> _WORK TASK_
Set down the data below exactly; pictures stay out.

> _COLLECTED DATA_
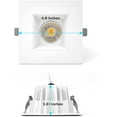 thumbnail image 5 of Luxrite 4 inch Square LED Recessed Lighting J-Box 15W 1200 Lumens 3 Color Options 3000K-5000K 36 Spotlight Dimmable Damp Rated 4-Pack, 5 of 8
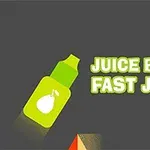 Zielona butelka soku z ikoną gruszki obok napisu JUICE BOTTLE FAST JUMPS na szarym tle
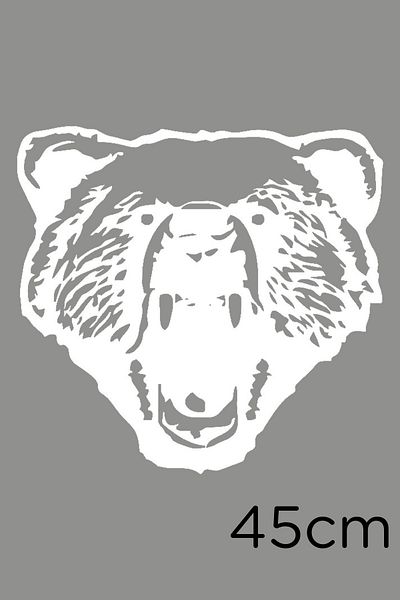 MIGNATIS Autocolant Autocolant pentru Piața de Valori Angry Wild Bear Bear 45 Cm - Alb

> _YOUR SOLUTION_
 thumbnail image 5 of Luxrite 4 inch Square LED Recessed Lighting J-Box 15W 1200 Lumens 3 Color Options 3000K-5000K 36 Spotlight Dimmable Damp Rated 4-Pack, 5 of 8
 Zielona butelka soku z ikoną gruszki obok napisu JUICE BOTTLE FAST JUMPS na szarym tle
 MIGNATIS Autocolant Autocolant pentru Piața de Valori Angry Wild Bear Bear 45 Cm - Alb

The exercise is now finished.